On arrival at the camp, they were not separated or selected, but driven into the separate camp section BIIe in Birkenau. Antoine’s mother Marie Lagrené gave birth there to a boy named Joseph, who died after only a few days. Antoine Lagrené was classified as ‘fit for work’ and transported to Buchenwald concentration camp, where he arrived on 3 August 1944.
In Buchenwald, the 13-year-old was initially housed in Block 57 before being transferred on 6 October 1944 to Block 31, where he was looked after by French inmates. Antoine Lagrené also received some schooling here, organised for the youngest inmates by Jean Gallon (1914–1995), a French teacher and resistance fighter. Antoine Lagrené also had to perform forced labour in the camp, for example in the detachment ‘Holzhof’ that chopped wood for the camp’s fires. Buchenwald was liberated by American troops on 11 April 1945. Antoine Lagrené returned to Longuyon, in the Meurthe-et-Moselle department of France, on 27 April 1945.

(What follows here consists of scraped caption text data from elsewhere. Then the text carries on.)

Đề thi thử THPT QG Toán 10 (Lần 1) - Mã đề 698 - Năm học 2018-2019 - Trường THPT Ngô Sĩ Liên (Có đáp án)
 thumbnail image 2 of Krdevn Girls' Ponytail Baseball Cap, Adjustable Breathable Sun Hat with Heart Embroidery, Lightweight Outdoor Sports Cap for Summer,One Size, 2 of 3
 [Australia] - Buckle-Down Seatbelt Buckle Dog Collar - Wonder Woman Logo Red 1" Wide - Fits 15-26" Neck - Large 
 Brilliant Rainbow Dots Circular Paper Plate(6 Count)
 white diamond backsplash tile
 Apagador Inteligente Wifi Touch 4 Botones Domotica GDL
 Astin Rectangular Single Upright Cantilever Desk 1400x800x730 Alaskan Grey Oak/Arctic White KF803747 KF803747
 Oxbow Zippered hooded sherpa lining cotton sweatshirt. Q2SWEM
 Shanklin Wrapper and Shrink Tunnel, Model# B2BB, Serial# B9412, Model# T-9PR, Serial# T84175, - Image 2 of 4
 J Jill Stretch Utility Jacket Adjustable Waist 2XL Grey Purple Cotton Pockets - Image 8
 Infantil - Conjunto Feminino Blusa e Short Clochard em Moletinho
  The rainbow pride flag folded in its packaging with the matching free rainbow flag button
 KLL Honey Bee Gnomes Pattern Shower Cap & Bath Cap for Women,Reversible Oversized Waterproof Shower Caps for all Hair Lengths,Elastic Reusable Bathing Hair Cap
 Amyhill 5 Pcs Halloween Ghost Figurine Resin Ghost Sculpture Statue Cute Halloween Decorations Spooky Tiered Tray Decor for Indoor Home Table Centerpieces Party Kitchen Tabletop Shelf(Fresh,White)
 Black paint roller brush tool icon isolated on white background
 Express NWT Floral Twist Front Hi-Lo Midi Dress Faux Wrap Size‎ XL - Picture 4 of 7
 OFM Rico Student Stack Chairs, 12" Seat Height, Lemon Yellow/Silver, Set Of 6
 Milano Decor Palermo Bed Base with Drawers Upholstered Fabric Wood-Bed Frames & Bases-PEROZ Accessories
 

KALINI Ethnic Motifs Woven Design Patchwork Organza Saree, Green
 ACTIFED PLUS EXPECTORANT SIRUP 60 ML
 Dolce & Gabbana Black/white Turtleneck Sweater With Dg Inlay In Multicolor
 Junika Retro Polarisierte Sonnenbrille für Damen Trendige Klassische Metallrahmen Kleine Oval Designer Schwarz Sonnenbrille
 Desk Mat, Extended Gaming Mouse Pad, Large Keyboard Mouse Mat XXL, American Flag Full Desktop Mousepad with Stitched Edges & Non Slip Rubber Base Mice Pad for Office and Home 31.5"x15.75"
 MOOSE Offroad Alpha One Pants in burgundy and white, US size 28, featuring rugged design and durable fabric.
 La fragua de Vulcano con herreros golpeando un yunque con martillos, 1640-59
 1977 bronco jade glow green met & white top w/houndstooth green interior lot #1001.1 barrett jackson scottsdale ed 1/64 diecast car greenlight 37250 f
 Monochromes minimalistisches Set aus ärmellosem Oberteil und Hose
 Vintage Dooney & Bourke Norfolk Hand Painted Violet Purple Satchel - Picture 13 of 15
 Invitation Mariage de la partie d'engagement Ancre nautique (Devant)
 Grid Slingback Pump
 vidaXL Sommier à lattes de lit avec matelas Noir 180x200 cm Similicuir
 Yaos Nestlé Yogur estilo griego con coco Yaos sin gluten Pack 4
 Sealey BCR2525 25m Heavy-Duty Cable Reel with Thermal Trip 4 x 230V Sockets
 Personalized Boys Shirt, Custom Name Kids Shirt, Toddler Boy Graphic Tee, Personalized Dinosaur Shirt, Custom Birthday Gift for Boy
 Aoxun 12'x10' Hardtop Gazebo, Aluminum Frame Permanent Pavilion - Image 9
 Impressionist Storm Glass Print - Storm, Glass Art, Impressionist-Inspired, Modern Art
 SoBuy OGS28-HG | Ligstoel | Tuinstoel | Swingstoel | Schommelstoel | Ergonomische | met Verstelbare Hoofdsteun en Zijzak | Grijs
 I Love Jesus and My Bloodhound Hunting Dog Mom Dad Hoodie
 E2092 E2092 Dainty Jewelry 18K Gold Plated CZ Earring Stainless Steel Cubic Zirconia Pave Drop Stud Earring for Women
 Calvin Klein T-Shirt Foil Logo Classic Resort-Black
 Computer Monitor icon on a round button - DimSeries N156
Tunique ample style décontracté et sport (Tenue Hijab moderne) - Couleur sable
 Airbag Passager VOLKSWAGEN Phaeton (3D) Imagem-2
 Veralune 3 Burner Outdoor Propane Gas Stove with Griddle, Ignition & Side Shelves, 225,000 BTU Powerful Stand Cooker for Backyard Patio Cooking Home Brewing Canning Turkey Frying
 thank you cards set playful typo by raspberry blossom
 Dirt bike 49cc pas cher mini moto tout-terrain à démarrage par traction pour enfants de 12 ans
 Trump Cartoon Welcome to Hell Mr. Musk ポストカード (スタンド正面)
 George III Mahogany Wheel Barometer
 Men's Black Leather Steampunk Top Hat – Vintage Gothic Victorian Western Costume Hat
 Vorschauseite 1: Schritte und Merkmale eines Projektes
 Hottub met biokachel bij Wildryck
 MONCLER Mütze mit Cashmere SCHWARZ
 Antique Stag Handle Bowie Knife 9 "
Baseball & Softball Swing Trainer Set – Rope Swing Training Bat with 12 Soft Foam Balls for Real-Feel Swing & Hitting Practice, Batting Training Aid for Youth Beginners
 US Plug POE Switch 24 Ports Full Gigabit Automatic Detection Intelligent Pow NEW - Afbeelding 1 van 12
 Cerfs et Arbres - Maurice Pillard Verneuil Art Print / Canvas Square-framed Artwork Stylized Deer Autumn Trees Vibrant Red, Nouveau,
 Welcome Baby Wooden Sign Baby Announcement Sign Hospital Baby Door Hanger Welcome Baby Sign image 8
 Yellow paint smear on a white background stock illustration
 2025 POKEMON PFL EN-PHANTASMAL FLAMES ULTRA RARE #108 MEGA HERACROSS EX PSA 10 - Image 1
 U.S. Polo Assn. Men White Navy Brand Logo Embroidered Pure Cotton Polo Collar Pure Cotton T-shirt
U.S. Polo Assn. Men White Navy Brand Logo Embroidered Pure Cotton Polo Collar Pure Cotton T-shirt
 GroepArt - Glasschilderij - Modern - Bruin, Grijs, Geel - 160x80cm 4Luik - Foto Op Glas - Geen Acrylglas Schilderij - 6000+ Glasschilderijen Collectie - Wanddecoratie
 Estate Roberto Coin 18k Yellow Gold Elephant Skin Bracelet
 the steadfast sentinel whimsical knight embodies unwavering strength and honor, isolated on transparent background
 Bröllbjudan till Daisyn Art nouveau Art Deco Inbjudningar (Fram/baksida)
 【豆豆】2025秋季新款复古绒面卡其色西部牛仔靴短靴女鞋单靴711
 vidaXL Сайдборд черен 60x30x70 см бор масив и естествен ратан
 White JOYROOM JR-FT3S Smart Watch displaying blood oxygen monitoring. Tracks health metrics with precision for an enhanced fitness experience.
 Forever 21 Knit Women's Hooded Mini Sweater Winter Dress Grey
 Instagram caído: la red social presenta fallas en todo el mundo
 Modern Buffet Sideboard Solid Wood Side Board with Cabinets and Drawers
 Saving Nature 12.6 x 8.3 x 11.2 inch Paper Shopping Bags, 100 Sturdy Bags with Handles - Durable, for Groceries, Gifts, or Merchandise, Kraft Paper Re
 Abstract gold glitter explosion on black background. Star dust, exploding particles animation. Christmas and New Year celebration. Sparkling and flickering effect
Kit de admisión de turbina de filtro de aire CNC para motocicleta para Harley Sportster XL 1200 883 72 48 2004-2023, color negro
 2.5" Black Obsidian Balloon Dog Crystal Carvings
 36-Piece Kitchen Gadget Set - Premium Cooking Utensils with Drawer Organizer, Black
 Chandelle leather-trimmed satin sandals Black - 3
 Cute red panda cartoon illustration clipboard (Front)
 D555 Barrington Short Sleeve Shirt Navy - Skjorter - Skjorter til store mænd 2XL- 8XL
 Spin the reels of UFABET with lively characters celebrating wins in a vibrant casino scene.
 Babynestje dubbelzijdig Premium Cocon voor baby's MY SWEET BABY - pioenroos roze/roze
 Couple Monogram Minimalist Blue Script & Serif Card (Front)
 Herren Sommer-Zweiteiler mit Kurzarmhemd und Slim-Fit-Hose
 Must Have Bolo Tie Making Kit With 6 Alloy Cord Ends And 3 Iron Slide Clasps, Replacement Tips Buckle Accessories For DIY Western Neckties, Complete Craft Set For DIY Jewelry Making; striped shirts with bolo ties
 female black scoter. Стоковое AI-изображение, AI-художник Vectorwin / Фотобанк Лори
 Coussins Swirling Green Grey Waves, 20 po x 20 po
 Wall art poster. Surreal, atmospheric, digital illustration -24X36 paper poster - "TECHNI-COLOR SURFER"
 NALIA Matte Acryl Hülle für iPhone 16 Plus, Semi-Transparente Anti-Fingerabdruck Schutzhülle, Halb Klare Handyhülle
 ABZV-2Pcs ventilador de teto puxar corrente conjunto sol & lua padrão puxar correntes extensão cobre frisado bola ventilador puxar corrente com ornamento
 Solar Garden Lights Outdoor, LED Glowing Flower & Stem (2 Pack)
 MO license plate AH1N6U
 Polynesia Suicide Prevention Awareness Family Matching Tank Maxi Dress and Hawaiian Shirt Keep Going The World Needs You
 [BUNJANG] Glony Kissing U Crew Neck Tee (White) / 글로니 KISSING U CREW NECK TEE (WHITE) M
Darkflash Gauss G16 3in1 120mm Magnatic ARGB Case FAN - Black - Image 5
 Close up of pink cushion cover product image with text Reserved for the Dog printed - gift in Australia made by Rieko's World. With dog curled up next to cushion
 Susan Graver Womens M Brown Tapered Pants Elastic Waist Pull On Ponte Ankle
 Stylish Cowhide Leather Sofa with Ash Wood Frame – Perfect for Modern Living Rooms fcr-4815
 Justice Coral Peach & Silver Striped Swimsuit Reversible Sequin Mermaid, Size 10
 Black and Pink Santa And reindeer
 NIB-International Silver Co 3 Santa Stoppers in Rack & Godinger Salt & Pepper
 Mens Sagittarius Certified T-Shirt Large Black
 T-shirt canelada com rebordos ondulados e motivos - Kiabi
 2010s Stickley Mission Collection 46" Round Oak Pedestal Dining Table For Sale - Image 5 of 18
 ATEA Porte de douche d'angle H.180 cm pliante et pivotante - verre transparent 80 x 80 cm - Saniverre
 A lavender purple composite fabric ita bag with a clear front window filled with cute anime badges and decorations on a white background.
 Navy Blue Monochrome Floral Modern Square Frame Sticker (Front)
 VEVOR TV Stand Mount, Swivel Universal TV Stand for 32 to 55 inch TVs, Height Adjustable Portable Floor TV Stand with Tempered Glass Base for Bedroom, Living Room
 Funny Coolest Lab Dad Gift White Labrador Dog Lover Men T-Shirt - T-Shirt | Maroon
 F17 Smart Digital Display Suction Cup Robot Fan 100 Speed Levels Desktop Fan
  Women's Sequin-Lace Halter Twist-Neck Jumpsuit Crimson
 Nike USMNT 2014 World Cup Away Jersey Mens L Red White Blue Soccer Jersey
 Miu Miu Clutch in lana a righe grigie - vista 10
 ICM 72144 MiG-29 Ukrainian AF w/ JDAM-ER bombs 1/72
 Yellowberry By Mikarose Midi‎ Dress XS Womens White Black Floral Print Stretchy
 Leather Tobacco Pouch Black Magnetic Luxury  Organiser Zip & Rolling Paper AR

Of the 15 people arrested in Pont-de-la-Deûle, only three survived: Antoine Lagrené, his mother Marie Lagrené and his aunt Joséphine Lagrené. Marie Lagrené was first transferred to Ravensbrück concentration camp and from there to Flossenbürg concentration camp, where she was forced to perform forced labour in the Wolkenburg satellite camp. She was liberated in Bergen-Belsen concentration camp.
Joséphine Lagrené was transferred from Auschwitz-Birkenau to Ravensbrück on 15 April 1944. On 31 August 1944, she was taken to Altenburg, a satellite camp of Ravensbrück, where she had to perform forced labour for Hugo Schneider AG (HASAG). This was followed by transfers to the Schlieben and Taucha satellite camps, which—like Altenburg from 1 September 1944—were subordinate to the Buchenwald concentration camp. On 11 October 1944, she was transferred to Auschwitz again, together with other women from the satellite camp. In the face of the Allied advance, she was transported from there to Bergen-Belsen, which had become a death camp. It was here that Joséphine Lagrené was liberated by British troops on 15 April 1945.
Late Remembrance
On 8 May 2012, the names of the members of the Lagrené family who died in Auschwitz-Birkenau were added to the war memorial in the town of Flers-en-Escrebieux.
Antoine Lagrené died on 22 February 2020 in Lille, Joséphine Lagrené on 22 October 2022 in Forbach (Moselle department).